Domingo. O sol prenunciava um belo dia. Fúlgidos raios surgiam ao leste e como um menino que procura aventuras, joguei na mochila meu canivete (presente do meu amigo Osmar-pescador), minha velha fotográfica e uma garrafa de água. Saltei sobre a "magrela" e iniciei minhas pedaladas. Destino: Glicério.

O vento nordeste, embora suave, parecia querer me ajudar por todo o trajeto. Logo que cheguei próximo ao bairro da Aroeira, rua Alcides Mourão, já sentia a falta que faz uma ciclovia. Com bastante energia e entusiasmo alcanço o trevo de Macaé/BR-101. Logo percebi que meus problemas começavam. Um gole de água. A meia xícara de café que eu havia tomado à 01:45h me dava uma vontade desgraçada de fumar. Resisto.

A mochila começava incomodar. Parei a uns 500 metros após o trevo. Retirei o cadarço do meu "bamba" e amarrei como pude ao guidão. Melhorou. Ao menos minhas costas não suavam mais tanto. A cada 30 minutos, uma pausa, já procurando a sombra dos bambuzais, ipês, canafístulas, aroeiras e araçás. Araçá. Minha sorte: araçás... Voltei ao passado quando deparei com um pé ao longo da estrada Macaé-Glicério. Depois outros e mais outros. Delícia de fruta!
Após um incessante esforço para subir uma ladeira, o comando de marcha quebra. Legal! Pensei. Agora é que estou ferrado mesmo. Paro na sombra e pra minha surpresa: goiabas! Dou um solavanco no galho, caem três. Todas bichadas e só se prestavam mesmo a matar a fome dos sanhaços e muitos outros pássaros que ainda podemos ver por aquelas paragens. Retiro o cadarço que amarrava a mochila e travo o comando de marcha. Resolvido!
O sol bate forte do lado direito do meu rosto. Sigo em frente e logo após a fazenda Airís, descubro uma fonte brotando da terra, mas para a minha surpresa, a fonte é artificial. Metálica. Um cano dágua jorra e ao sol das 09:20 faz um belo arco-íris. Jogo a "camela" no canto da estrada e aproveito o banho. Mas um pé de araçá. Estou feito. Banho tomado. Alimentado. Feliz eu prossigo, mas Glicério parece cada vez mais distante.

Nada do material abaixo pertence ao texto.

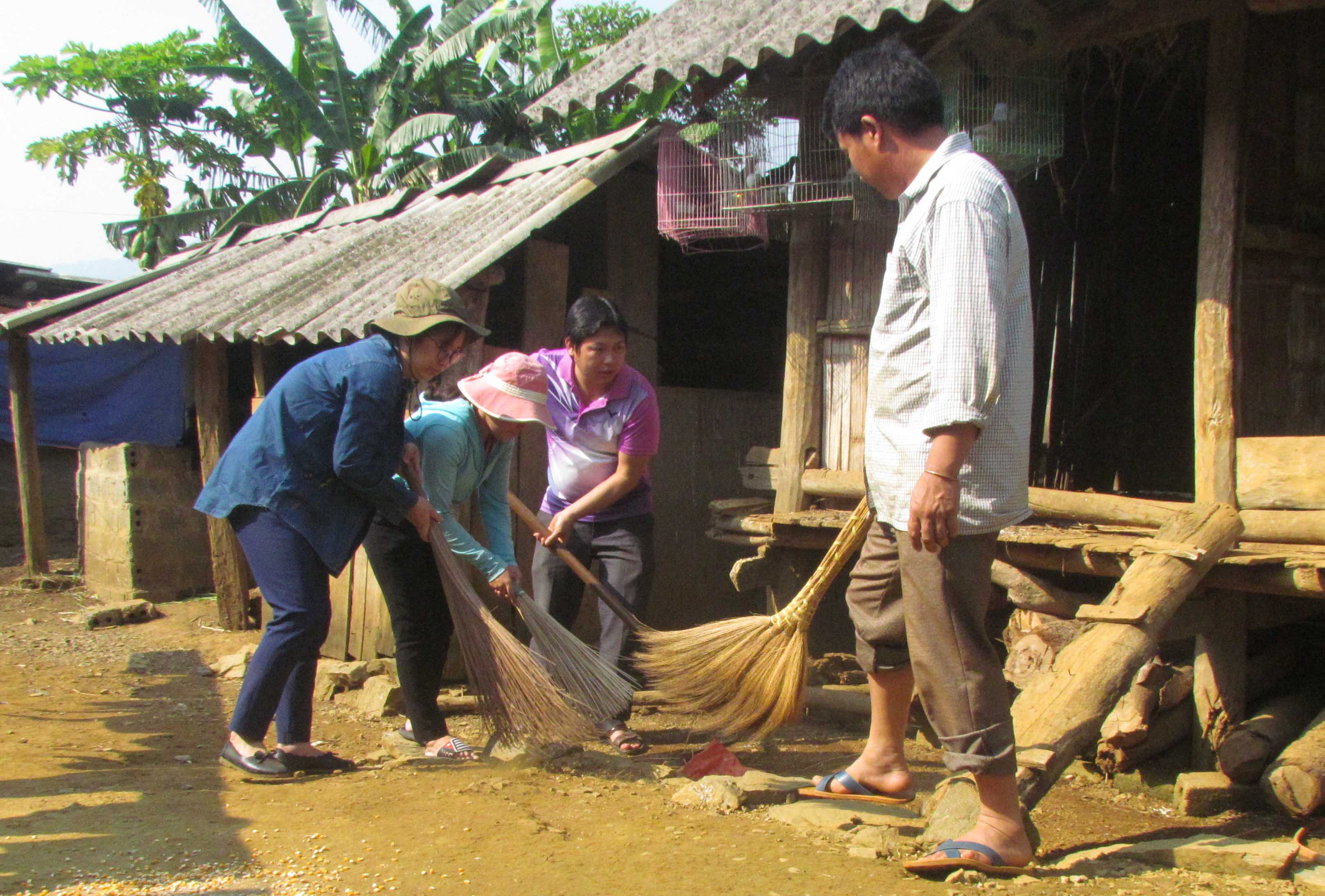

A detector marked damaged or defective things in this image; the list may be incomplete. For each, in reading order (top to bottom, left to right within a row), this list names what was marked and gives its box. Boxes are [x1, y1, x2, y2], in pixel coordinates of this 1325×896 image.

rusty metal roof sheet [525, 0, 975, 121]
rusty metal roof sheet [10, 123, 652, 347]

O movimento de carros vai se intensificando. A cada subida, um martírio. A descida um alívio. E ainda o short molhado e a cueca que cola na bunda e ainda se têm que dar aquela levantada para retirá-la do local inconveniente. Avisto as serras, o Frade parece estar logo ali...Pedalo. Carros passam. E muitos. Não sei que lado da estrada seria mais perigoso. Sem nenhum acostamento. Fraquejo se devo prosseguir. O risco é grande!

Com os olhos findos no horizonte, penso no almoço no bar do Serginho, um banho antes no chuveirão em Glicério e aquele pedaço de frango assado. Talvez carne. A fome aumenta. Cadê os araçás? Mais uma hora pedalando e meu objetivo parece distante. O ímpeto de prosseguir definha com o cansaço. Foi o cigarro! Maldito cigarro!
O vento nordeste não concorda que eu volte e agora sopra contra.

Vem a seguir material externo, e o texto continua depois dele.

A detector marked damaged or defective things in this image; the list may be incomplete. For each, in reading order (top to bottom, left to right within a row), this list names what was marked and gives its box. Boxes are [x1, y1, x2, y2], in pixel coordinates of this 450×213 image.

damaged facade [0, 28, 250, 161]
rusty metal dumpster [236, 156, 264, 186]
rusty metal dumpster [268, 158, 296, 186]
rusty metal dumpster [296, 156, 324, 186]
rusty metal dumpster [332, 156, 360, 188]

Pedalo mais devagar. Percebo a beira da estrada coberta de capim-guiné como o moderno mata. Pássaros esmagados e cobras-coral (não me perguntem se eram as falsas) estão na beira da pista. Minhas paradas para descanso são mais frequentes e quando avisto o "famoso" Memorial da cidade, penso em solicitar meu enterro. Mas hoje é domingo...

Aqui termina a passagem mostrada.